Overpopulation AND OVERCONSUMPTION

 

"Democracy cannot surive overpopulatoin. Human dignity cannot survive overpopulation. Convenience and decency cannot survive overpopulation. As you put more and more people onto the world, the value of life not only declines, it disappears."

-Issac Asimov-

 

Of the various threats to the Earth and humanity, overpopulation may be the most serious because of our inability to recognize it.  Understandably, few people want to talk about it.  Few recognize it as perhaps the most serious threat ever posed to humans of any generation.   In 1950, there were 2.5 billion people.  In 2000, there were close to 6.3 billion people.  By 2050, the U.N. world population figures predict that there will be upwards of 9.5 billion people.  When population increases, the amount of energy, food, water, fiber to make clothing, lumber to make houses—all these things and more increase in order to support a growing population.   The increase of 7 billion people in a mere 100 years is an incredible explosion of human population, and brings up the critical if neglected question of ‘how many people can the Earth really support?’ 

 

overpopulation
Long-range graph which shows the incredible exponential growth of
human populations in the last 200 years.

As dangerous as overpopulation is, we (of the "developed" nations) must also recognize that overconsumption is equally as disastrous. Americans consume roughly 25 percent of the world's resources and produce 1/3 of the world's garbage. On a per capita basis, one American consumer equalls around 25 Chinese. It is simply not possible for everyone to live as Americans do today, and soon Americans will no longer be able to support this most unsustainable and destructive way either. We must look to simplify our lives and to embrace an ethical commitment not to have more than two children.

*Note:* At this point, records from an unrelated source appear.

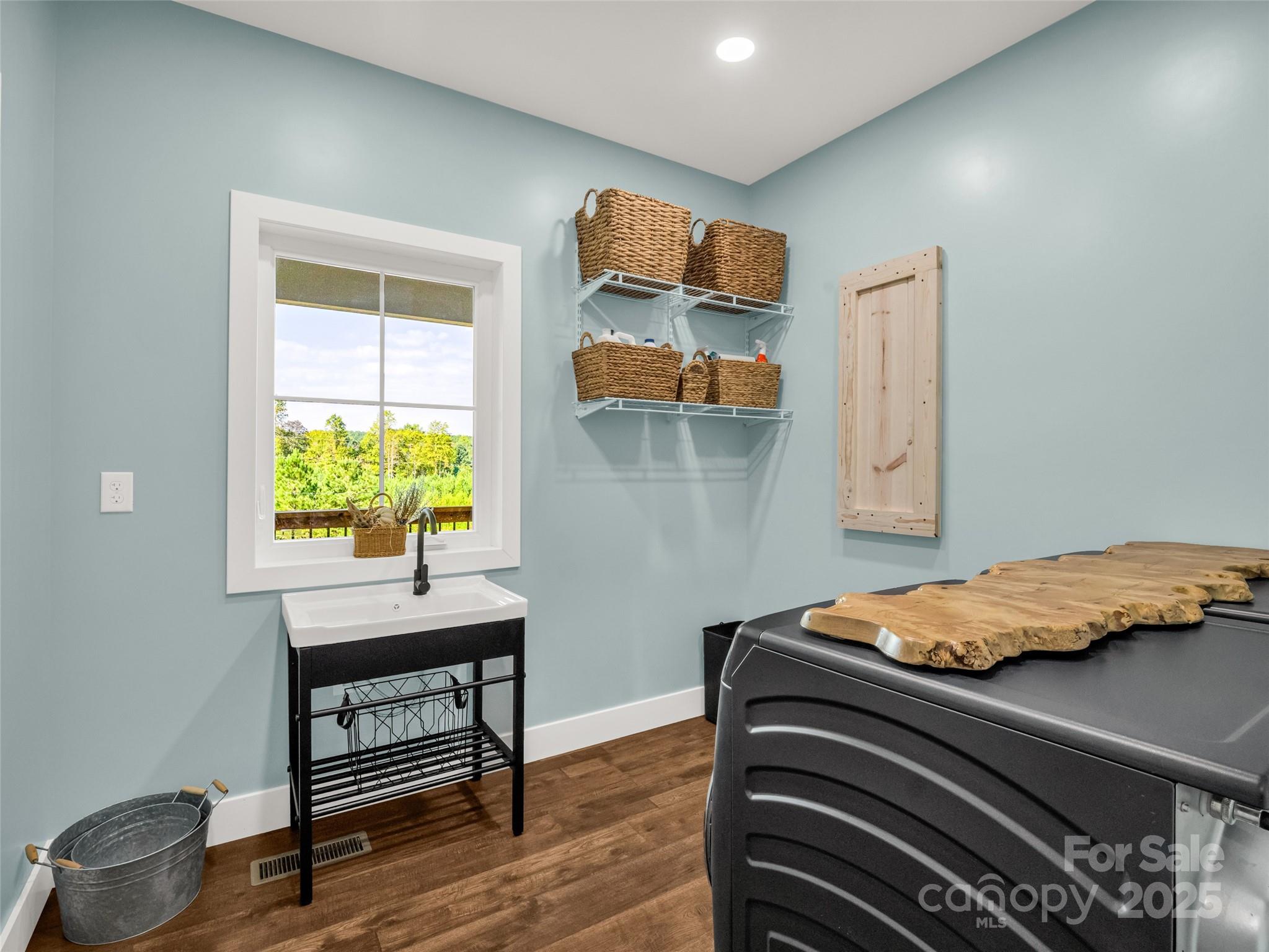 110 Geebees Way Mill Spring, NC 28756 - Photo 32 of 48 a bedroom with a bed and a window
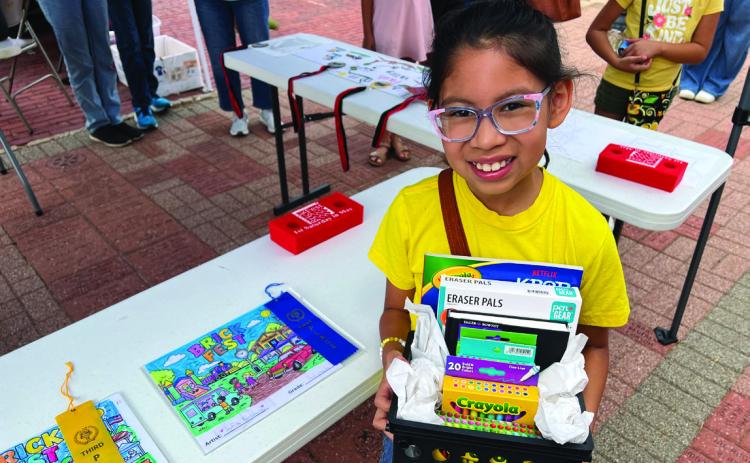Sofia Barahona won first place in the third grade division of the Chamber of Commerce’s coloring contest during Saturday’s Brickfest celebration. The coloring contest was open to children in kindergarten thru third grade. Photo by Suzanne Mackey
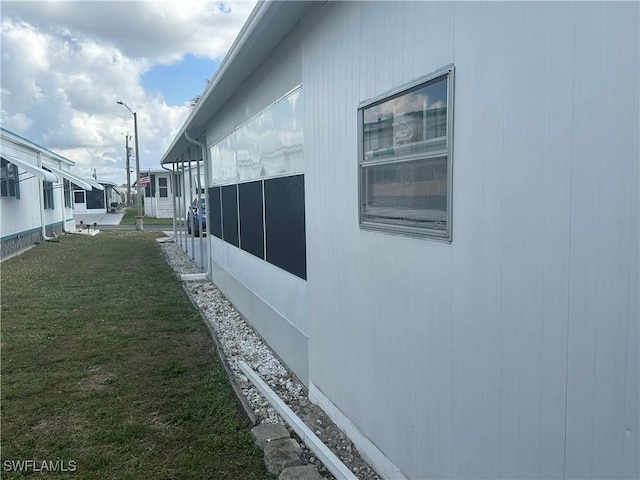 view of side of home featuring a lawn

Ecologists use the term ‘Carrying capacity’ to describe the maximum population of a given species that its environmental is able to support for an unspecified amount of time.  If a species temporarily goes above the carrying capacity of their environment, a resulting population decline (or ‘die-off’) will occur.  If the population has only gone slightly above carrying capacity, then the resulting die-off will likely be small.  However, if the population has gone drastically over the carrying capacity, the resulting die-off will likely be significant and could even drop the population well below the carrying capacity. 

 

"It's simply not possible for everyone

to live as Americans do today, and soon Americans will no longer be able to suport this most unsustainable and destructive way of life either. We must look to simplify our lives and to embrace an ethical commitment not to have more than two children."

 

The question is whether the concepts of carrying capacity, overshoot, and die-off apply to humans the same as they do to other animal and plant populations.  This has been a highly disputed question.  There are many economists and proponents of technology who claim that the notion of carrying capacity cannot apply to humans because the limitations placed upon us by any particular environment can always be overcome by the creativity and ingenuity of the human mind. 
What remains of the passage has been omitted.